そのうえで「イランの体制が核兵器開発を放棄し、中東での暴力的な活動や世界でのテロをやめないかぎり、われわれはイランへの圧力を強化し続ける」と述べ、イランを強くけん制しました。

この集会はトランプ大統領の重要な支持基盤でもあるキリスト教福音派の有力団体が開いたもので、参加者はイランと敵対するイスラエル寄りの立場をとっています。

このため、ペンス副大統領やボルトン補佐官らから強硬な発言が出るたび、参加者たちは一斉に立ち上がったり大きな拍手を送ったりしていました。

イランは、アメリカの制裁によって核合意で約束されていた経済的な利益が得られていないとしてウランの濃縮度の引き上げに踏み切り、8日、制限されていた基準の3.67%を上回り、4.5%以上に達したとしています。

イランは、60日後までに状況が改善されなければ新たな義務の停止に踏み切るとし、イラン原子力庁の報道官は国営放送の取材に、「20%の濃縮や、それ以上に高めることも選択肢だ。
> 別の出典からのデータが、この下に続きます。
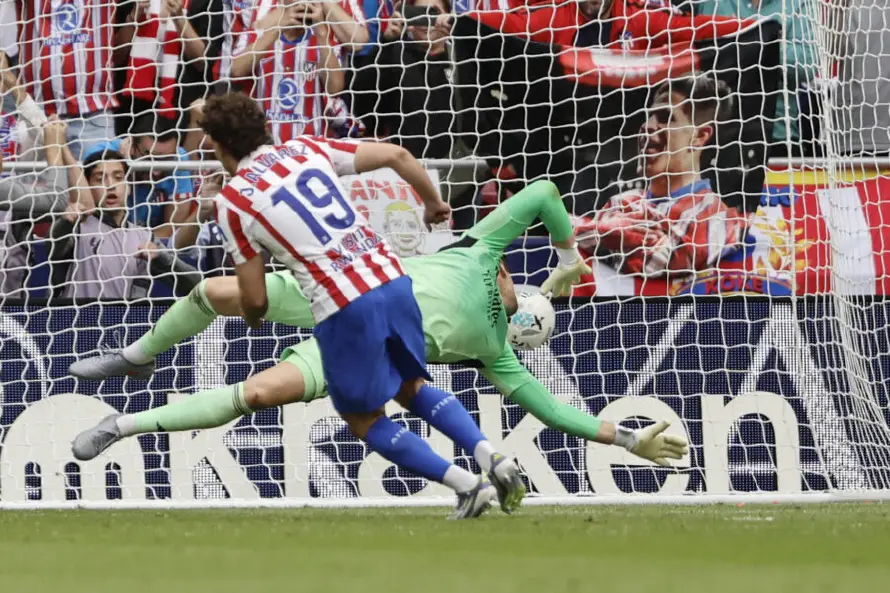 Julián Álvarez, delantero del Atlético, busca reencontrarse en el derbi madrileño tras un bajón goleador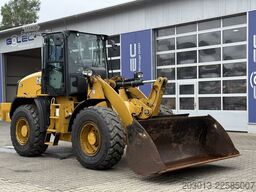 Încărcător pe roți CATERPILLAR 914 14A Radlader MIT Schaufel 8,6 Tonnen *2927 h
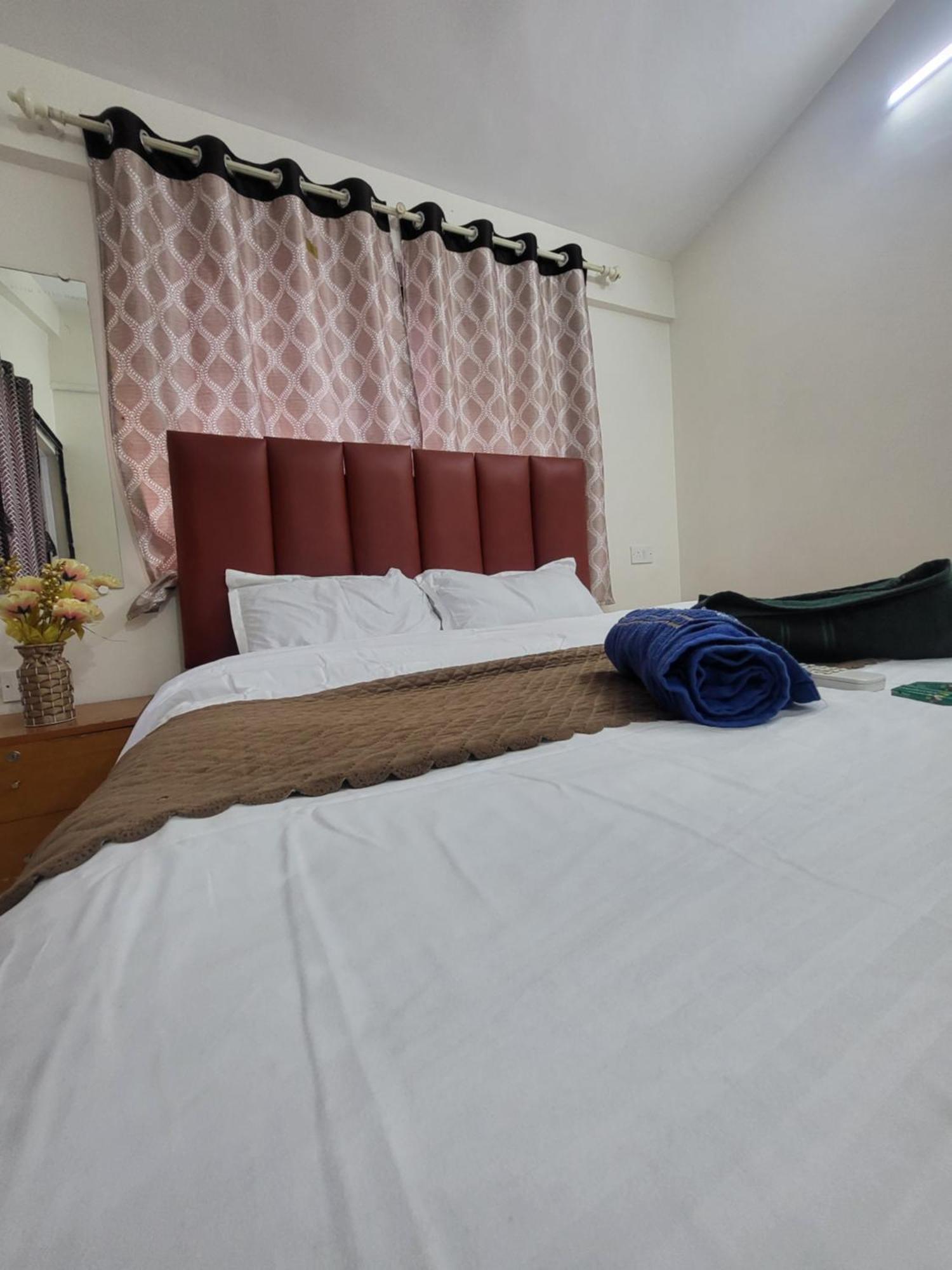 The Perfect Stays Para Disco Big Pool Cricket Turf Villa Lonavala Exteriör bild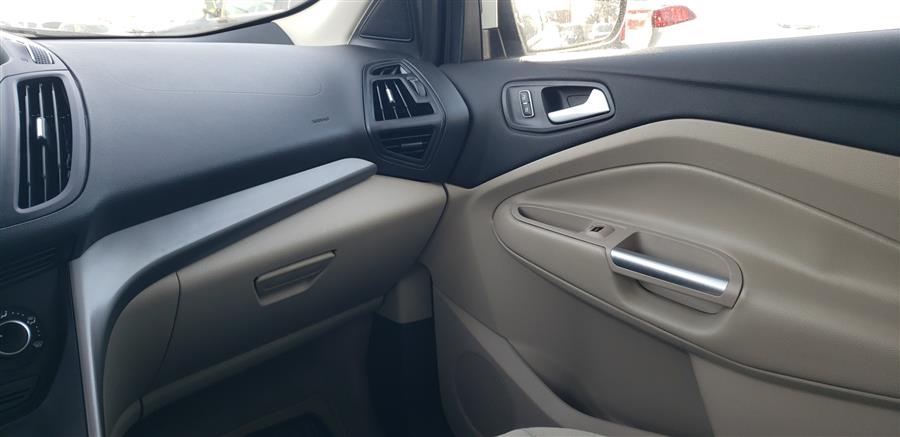 2013 Ford Escape 4WD 4dr SE, available for sale in Little Ferry, New Jersey | Victoria Preowned Autos Inc. Little Ferry, New Jersey 2013 Ford Escape 4WD 4dr SE, available for sale in Little Ferry, New Jersey | Victoria Preowned Autos Inc. Little Ferry, New Jersey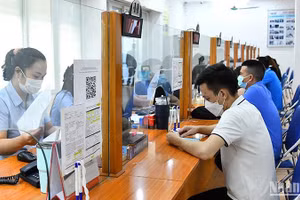 Lao động tìm hiểu thông tin về bảo hiểm thất nghiệp tại Trung tâm Dịch vụ việc làm Hà Nội. (Ảnh THỦY NGUYÊN)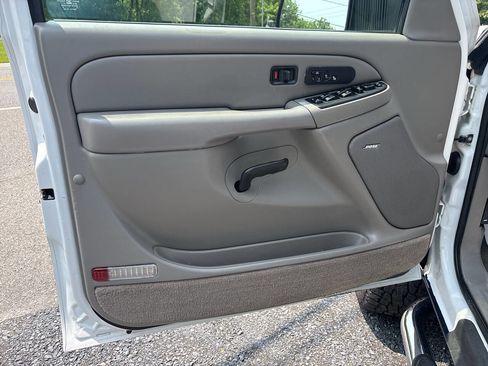 Used 2005 Chevrolet Silverado 2500 LT w/ Heavy-Duty Power Package image 19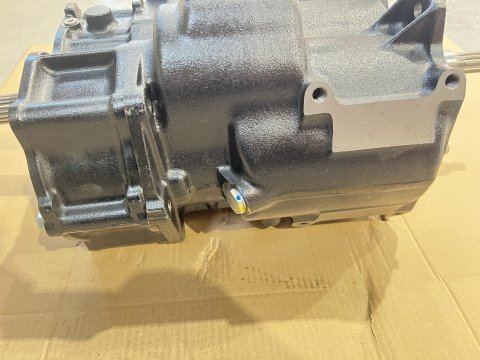 Boîte vitesses manuelle 5 fonte H55F pour Land Cruiser HJ60 HJ61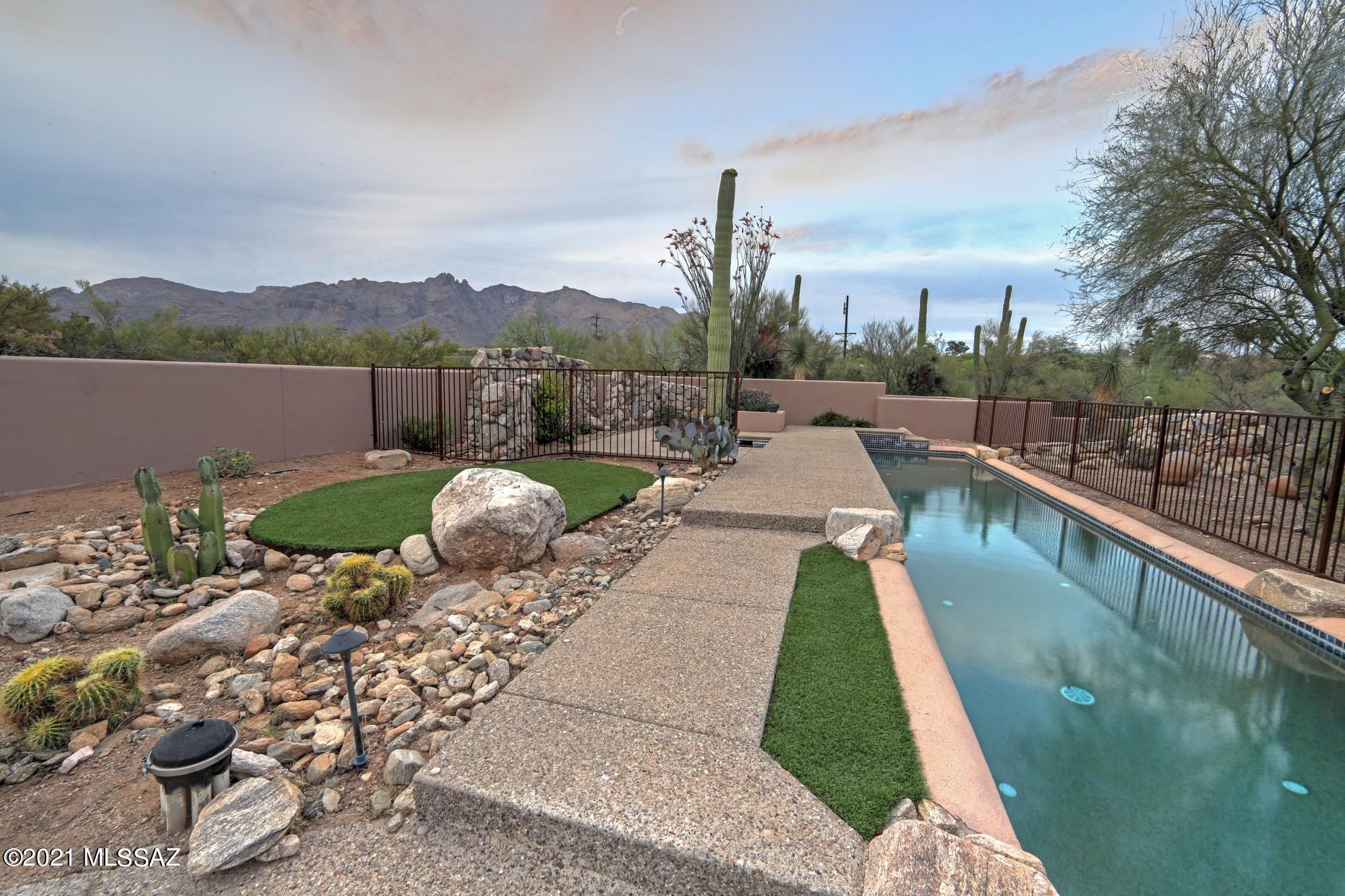 Miraval Place (1-7) - Residential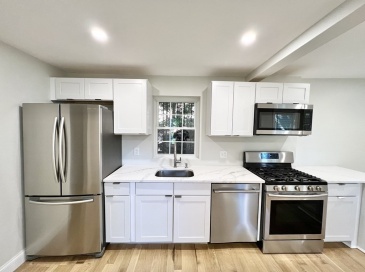 6 La Grange Pl, Boston, Massachusetts, 5 Bedrooms Bedrooms, 9 Rooms Rooms,2 BathroomsBathrooms,Residential Lease,For Rent,La Grange Pl,73530735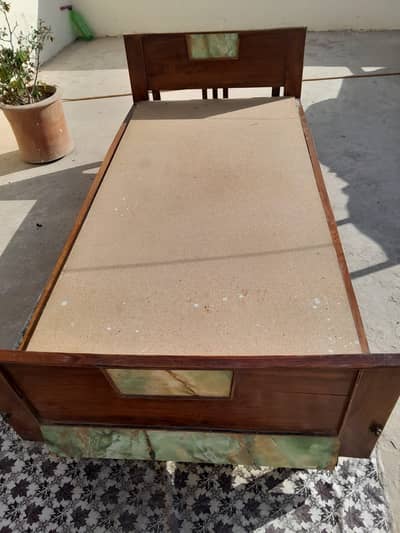 Orignal wooden bed single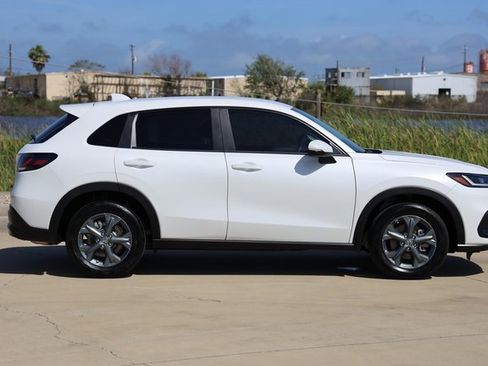 New 2026 Honda HR-V LX image 4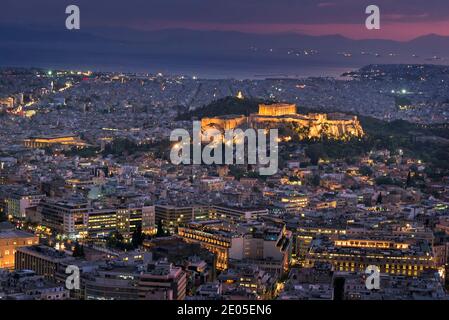 Blick auf die Stadt Athen Form Mount Lycabettus Athen, Griechenland Stockfoto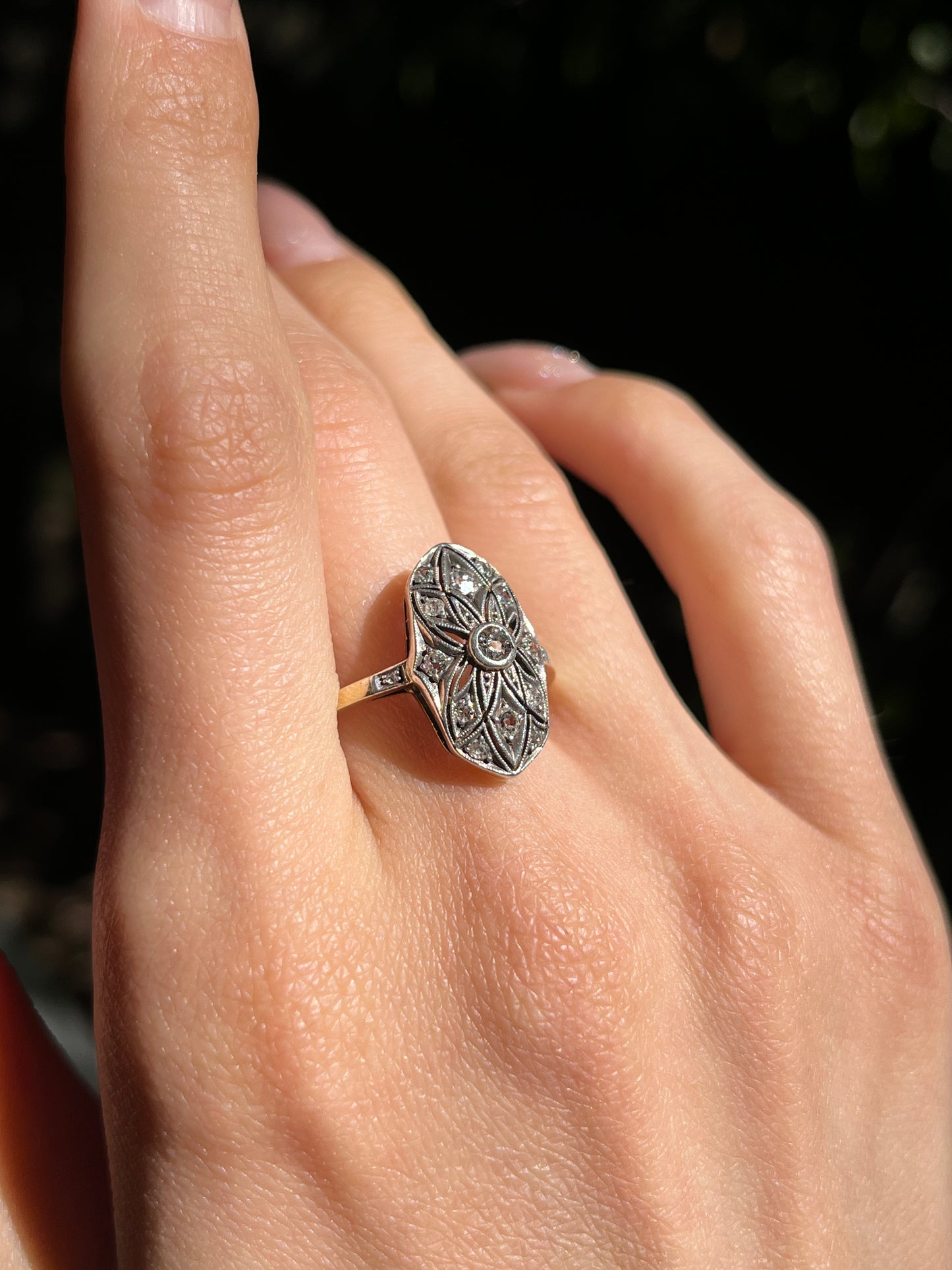 Antique Art Deco 14-15K & Diamond Ring
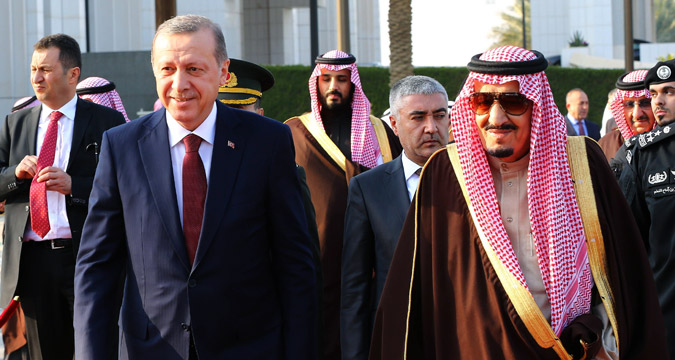 Turkish President Recep Tayyip Erdogan (left) and Saudi King Salman bin Abdulaziz Al Saud (right) attend an official welcome ceremony prior to their meeting at Al Yamama Palace in Riyadh, Saudi Arabia, on Dec. 29, 2015.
必要に応じて引き上げることになる」と述べて、濃縮活動の強化を検討していることを明らかにしました。

また、濃縮活動で使われる遠心分離機を合意で定められた数より増やすことも選択肢に入れているとしています。

ウランの濃縮度は20%以上になると、核爆弾を作るのに必要な時間が大幅に短縮できるとされているほか、遠心分離機を増やすことも本格的な核開発につながるおそれがあります。

イランとしては、強硬姿勢を示すことで核合意に参加しているヨーロッパ各国に経済の支援策を迫る方針ですが、かえって反発を招きアメリカがさらに圧力を強めることも考えられ、状況を改善できるかは不透明です。

イランが再び核合意を順守する状態に戻るかどうかは、ヨーロッパ側が有効な経済支援策を打ち出せるかどうかにかかっていますが、イラン側の要求を満たすのはハードルが高いのが現状です。

それは、アメリカのトランプ政権によるヨーロッパへの圧力があるからです。

フランス、ドイツ、イギリスは、イランが「核合意で約束された経済的な利益を得られていない」として強い不満を示していることを受けて、イランとの貿易を続けるための事業体を設立し、先月、ようやく運用が始まりました。

この事業体はINSTEX=貿易取引支援機関と呼ばれ、ヨーロッパの企業はイラン側と取り引きしても、INSTEXを介してユーロ建てで決済すればアメリカによる制裁の対象になりません。

イラン側はこの仕組みを使って原油を輸出し利益を上げたいと考えていますが、当面の取り引きは、そもそもアメリカの制裁対象とはなっていない医薬品や食品など小規模なものにとどまるとみられています。

ヨーロッパ側としては、アメリカとの貿易交渉などを控える中で、トランプ政権を刺激して関係が悪化することは避けたいとの思惑があるほか、アメリカから直接的な圧力を受けているものとみられます。

実際、フランスのルメール経済相はことし5月、アメリカによる圧力は極めて強力、かつ直接的で、政治家や行政など関係するあらゆる方面に及んでいる」と述べ、INSTEXをめぐってアメリカから圧力を受けていることを認めました。

INSTEXの調整役を務めるEU=ヨーロッパ連合は、設立した3か国以外にも参加する手続きを進めている加盟国があると強調し、将来的にはEU域外の国も利用できるようにするとしています。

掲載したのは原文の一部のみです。